Everything in the listing that follows should be reproduced exactly except the pictures.
- Opening Delimiter -
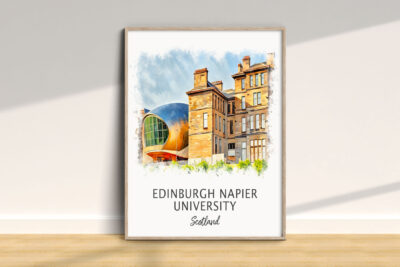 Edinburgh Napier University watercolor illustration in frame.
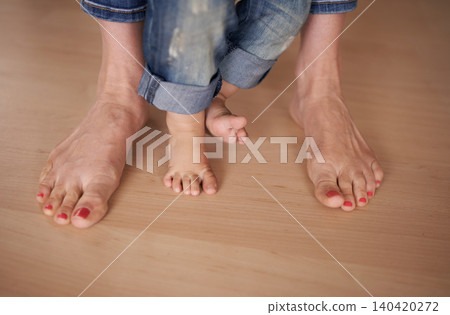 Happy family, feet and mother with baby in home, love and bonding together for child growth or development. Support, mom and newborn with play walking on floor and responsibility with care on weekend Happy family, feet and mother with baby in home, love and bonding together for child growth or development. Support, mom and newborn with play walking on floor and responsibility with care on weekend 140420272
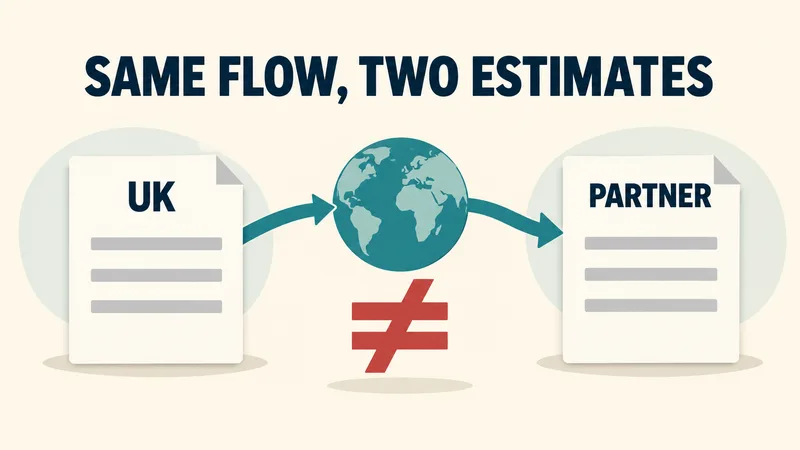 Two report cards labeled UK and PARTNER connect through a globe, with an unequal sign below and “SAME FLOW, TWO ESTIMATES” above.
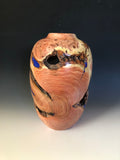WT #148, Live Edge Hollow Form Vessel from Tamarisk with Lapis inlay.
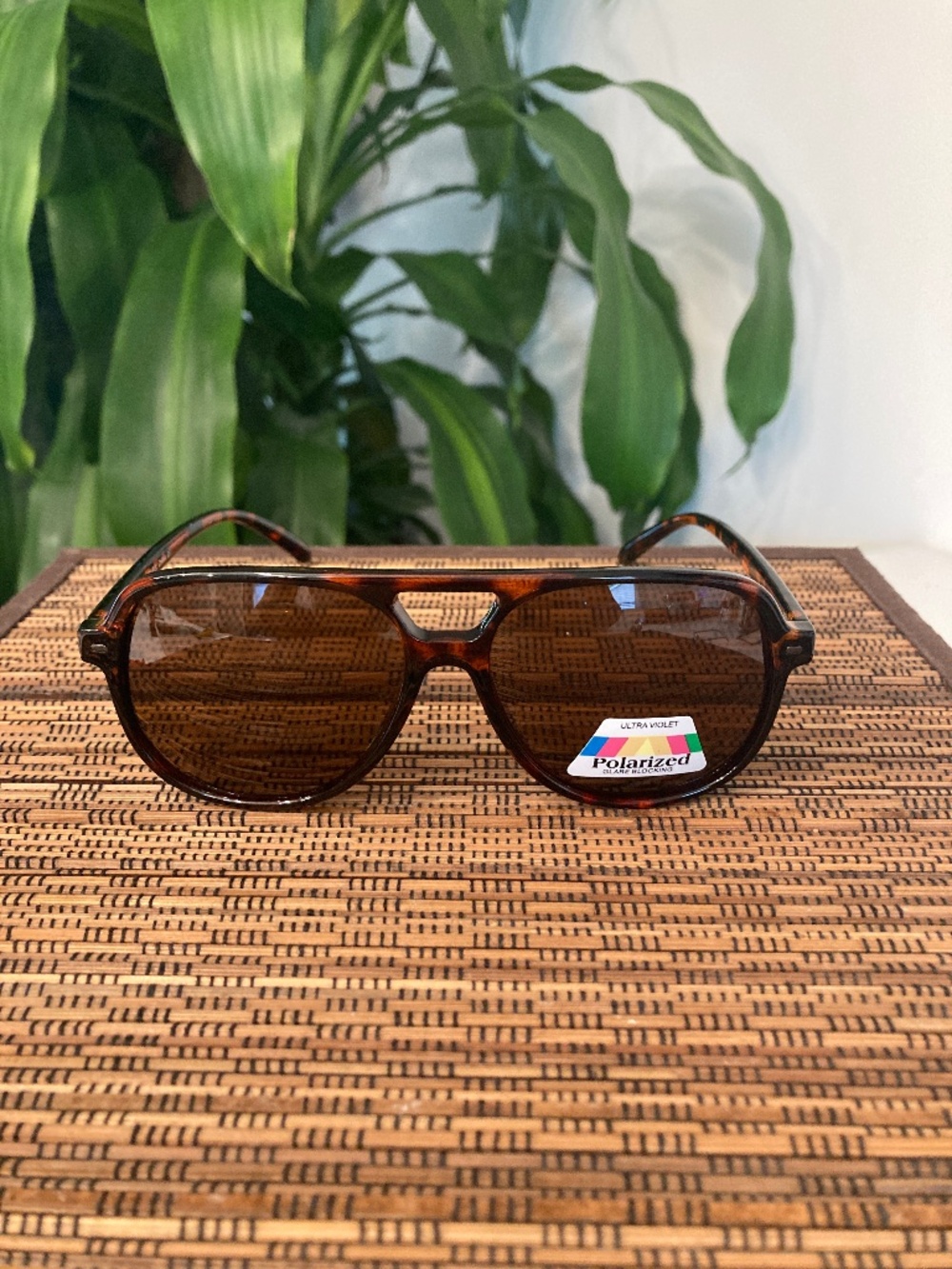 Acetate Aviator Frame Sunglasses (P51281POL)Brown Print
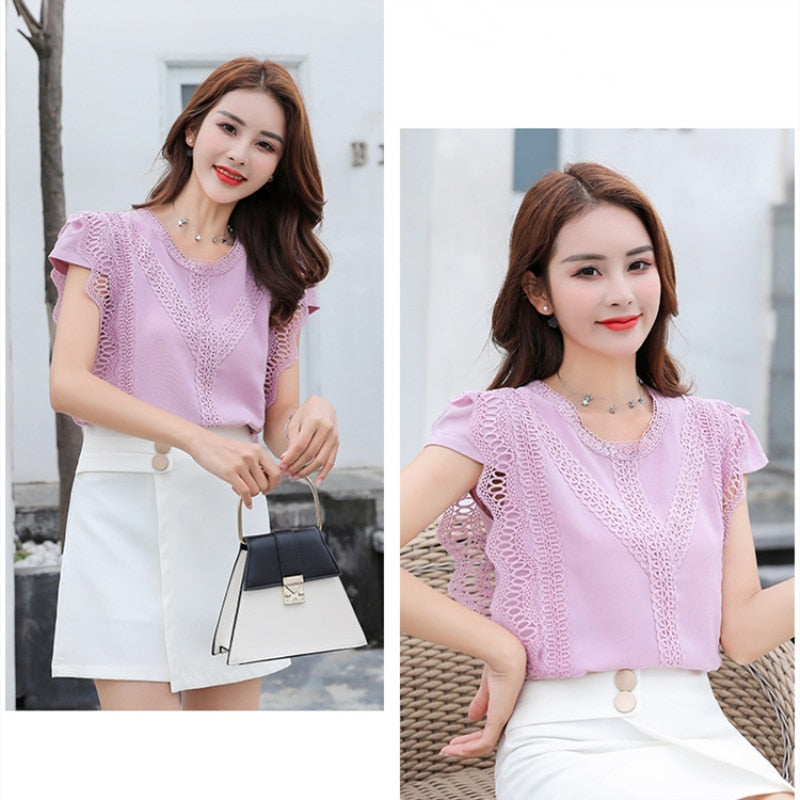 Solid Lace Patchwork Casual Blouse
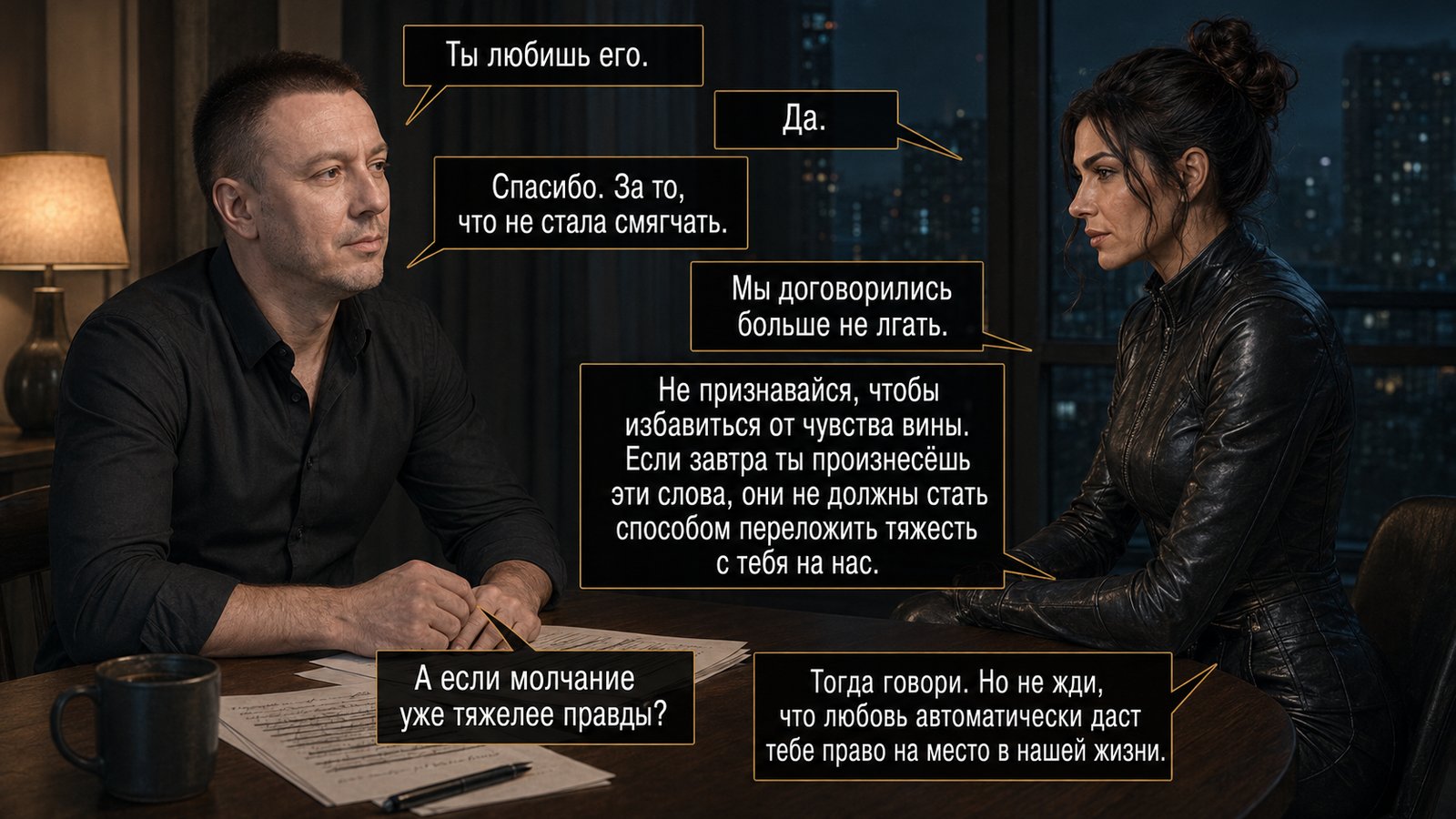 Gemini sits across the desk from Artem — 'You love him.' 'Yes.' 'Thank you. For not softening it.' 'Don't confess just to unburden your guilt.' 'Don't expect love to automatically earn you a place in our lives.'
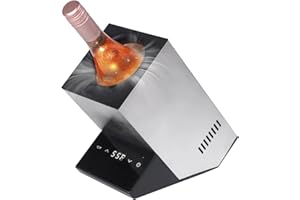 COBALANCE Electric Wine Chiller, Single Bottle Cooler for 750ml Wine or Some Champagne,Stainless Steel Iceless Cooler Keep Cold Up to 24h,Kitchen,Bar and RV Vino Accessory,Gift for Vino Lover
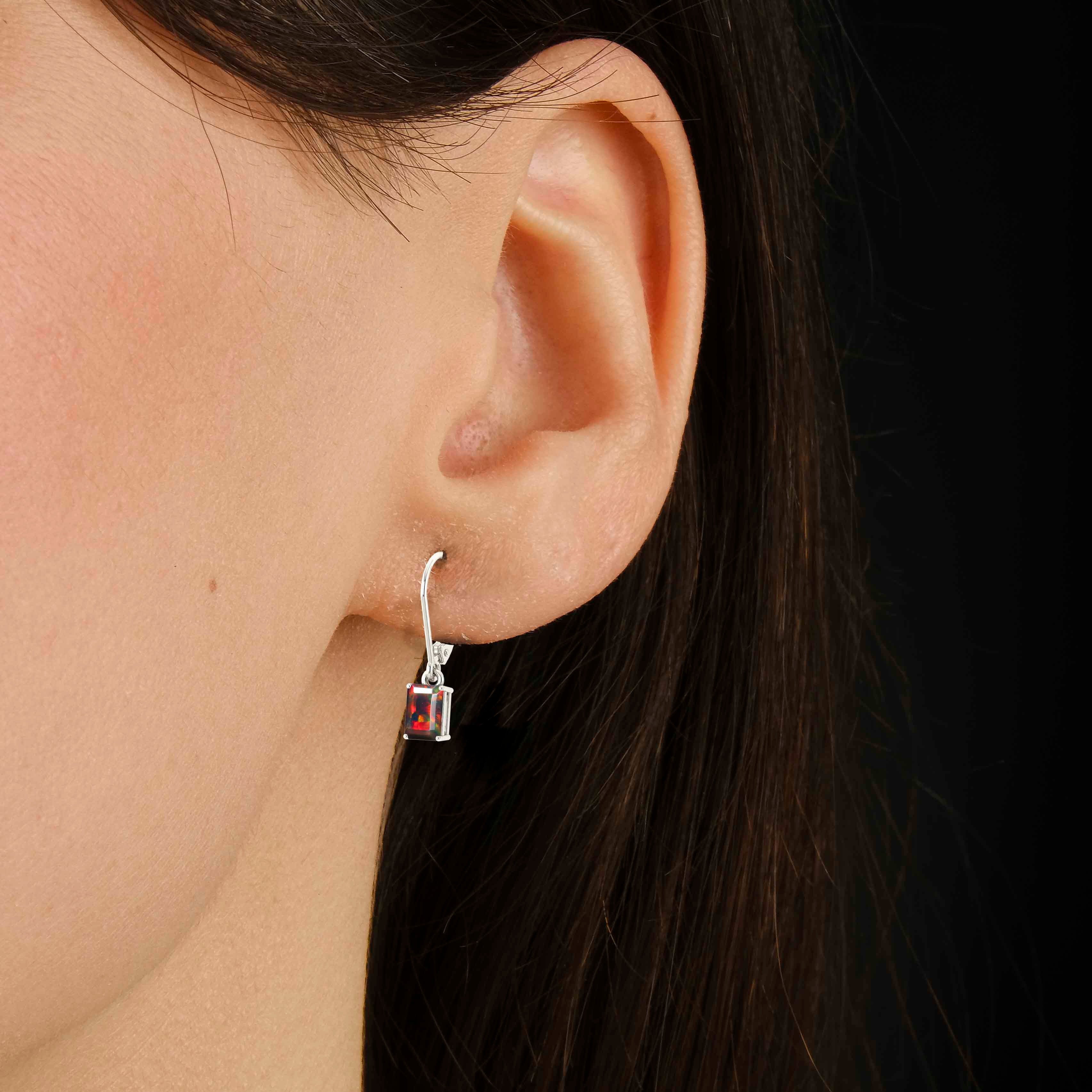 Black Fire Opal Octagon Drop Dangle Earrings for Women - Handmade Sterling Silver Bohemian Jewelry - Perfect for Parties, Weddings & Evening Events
- Closing Delimiter -
• Response area:
 Edinburgh Napier University watercolor illustration in frame.
 Happy family, feet and mother with baby in home, love and bonding together for child growth or development. Support, mom and newborn with play walking on floor and responsibility with care on weekend Happy family, feet and mother with baby in home, love and bonding together for child growth or development. Support, mom and newborn with play walking on floor and responsibility with care on weekend 140420272
 Two report cards labeled UK and PARTNER connect through a globe, with an unequal sign below and “SAME FLOW, TWO ESTIMATES” above.
WT #148, Live Edge Hollow Form Vessel from Tamarisk with Lapis inlay.
 Acetate Aviator Frame Sunglasses (P51281POL)Brown Print
 Solid Lace Patchwork Casual Blouse
 Gemini sits across the desk from Artem — 'You love him.' 'Yes.' 'Thank you. For not softening it.' 'Don't confess just to unburden your guilt.' 'Don't expect love to automatically earn you a place in our lives.'
 COBALANCE Electric Wine Chiller, Single Bottle Cooler for 750ml Wine or Some Champagne,Stainless Steel Iceless Cooler Keep Cold Up to 24h,Kitchen,Bar and RV Vino Accessory,Gift for Vino Lover
 Black Fire Opal Octagon Drop Dangle Earrings for Women - Handmade Sterling Silver Bohemian Jewelry - Perfect for Parties, Weddings & Evening Events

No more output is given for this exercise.